Spectral decimation is the method: take every nth energy level and analyze the statistics of the subsequence. The key insight is that different symmetry sectors of the Hilbert space contribute energy levels at different rates. When you decimate — sample every second or third level — you preferentially extract levels from the sector that contributes most densely. They call this the Characteristic Symmetry Sector (CSS), and derive an exact expression: its dimension equals the size-biased average of all symmetry sector dimensions.
The applications reveal what the full spectrum cannot see. In Hilbert-space fragmented systems, the full spectrum looks nearly random — close to Wigner-Dyson statistics. But decimation isolates correlated subsectors, showing that the apparent chaos is actually a statistical mixture of structured fragments. The system isn't chaotic; it is several non-chaotic systems layered on top of each other, and only the superposition looks random.
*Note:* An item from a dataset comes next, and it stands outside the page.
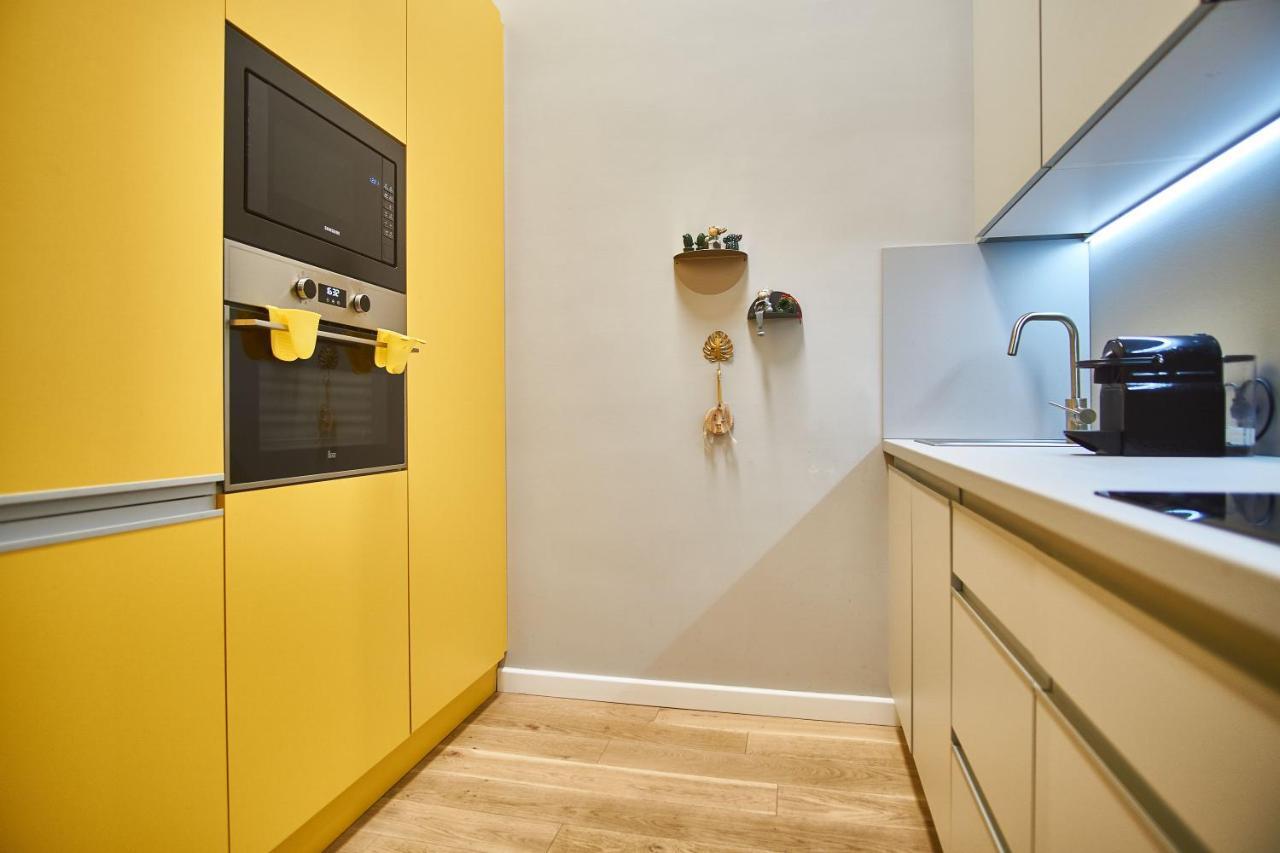 K95 - Apartmán Budapešť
In disordered Heisenberg chains, decimation tracks the emergence of integrability through a shrinking CSS. As disorder increases, the characteristic sector contracts — fewer and fewer levels participate in the dominant statistical pattern. The transition from chaos to integrability is visible as a geometric shrinkage in Hilbert space, not just a change in level spacing statistics.
The deeper point: a spectrum is not just a set of numbers. It is a set of numbers with internal structure that depends on which subset you examine. The full set can deceive. The subsequence reveals.
This is a general principle in data analysis — aggregation destroys structure that disaggregation recovers — but it acquires special force in quantum mechanics, where the structure being hidden is a symmetry. The universe put the symmetry there. The spectrum scrambles it. Decimation unscrambles it by the simple act of skipping.